Trump appears to have evoked an almost religious fervour. Scenes were shown on television of supporters praying on their knees outside State vote-counting offices for a reversal of voting trends. Marchers bearing automatic weapons were shown protesting about (non-existent) irregularities in the voting process.

Some people, especially those with a relatively weak sense of their own identity or security, or a misguided sense of their own needs and priorities, or in response to peer pressure, or a readiness to accept certain kinds of lies which contain some element of truth, will believe and act on all kinds of irrational things, as a result of their psychological need for strong confident spiritual leadership.

Lying as used by Trump

Trump’s lies were deliberate and designed to appeal to and energise a certain (mostly white, macho, religious in a fundamentalist way, gun-toting and anti-immigrant) section of American society. This preserves a jaundiced, prejudiced and outdated view of what constitutes American nationalism and patriotism. ‘Make America Great Again’ sums it up, probably the biggest lie of all. 

Lies, and the propaganda associated with them, is the route to fascism, as described in ‘How Fascism Works’, Jason Stanley, reviewed in The Guardian recently. Waving the flag of nationalism, publicising false charges of corruption (‘Lock her up’, ‘Drain the swamp’, and ‘voter fraud’), while engaging in corrupt practices (such as in Ukraine, in the 2016 election and controlling the courts) are at the heart of fascist movements, writes Stanley. In Nazi Germany the causes and solutions for national problems in the 1930s were falsely described. Neville Chamberlain was comprehensively taken in by Hitler’s lies. 

And the UK leadership peddles lies too

In a remarkable review in the Times Literary Supplement (of Tom Bower’s book on Boris Johnson, The Gambler), Rory Stewart, ex-Foreign Minister under Johnson as Foreign Secretary in 2017-18, and ex-Tory Party leadership candidate, describes Johnson as an amoral character, as the most accomplished liar in public life, and as showing a startling lack of the virtues traditionally valued in politicians. ‘He has mastered the use of error, omission, exaggeration, diminution, equivocation, and flat denial.
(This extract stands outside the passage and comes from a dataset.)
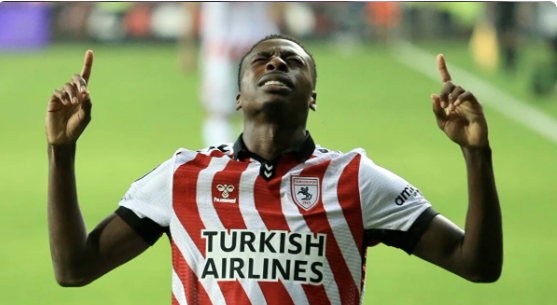 Tedesko istədi, klub rəsmi təklif göndərdi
He has perfected casuistry, circumlocution, false equivalence and false analogy, He is adept at the ironic jest, the fib and the grand lie; the weasel word and the half-truth, the hyperbolic lie, the obvious lie and the bullshit lie’.

Quite a list. Lies come in a variety of forms. Stewart goes on to list numerous examples of Johnson duplicity from his time at the Foreign Office. The biggest recent example in UK politics is Brexit, where enormous lies secured victory in the 2016 Referendum. Current polling preference for Brexit is 41% for and 49% against with 11% Don’t Know. Many people have reflected, too late, realised they were had, and changed their views.

Lies are extremely powerful and potentially destructive tools in the armoury of ambitious, powerful people. Lies are also part of everyday discourse. In everyday discourse, people learn how and when to use them (hopefully seldom and lightly) and how and when to understand and discount them. When politicians rise up on their privileged and powerful platforms they have a unique responsibility to tell the truth to the public as they see it, and not to lie for their own purposes. Nicola Sturgeon in Scotland and Jacinda Ardern in New Zealand have done this recently, and been rewarded with very favourable ratings and polling outcomes.

When the public are presented with a lying politician, they have a special responsibility to arm themselves against believing the lies, and to eject him or her from office.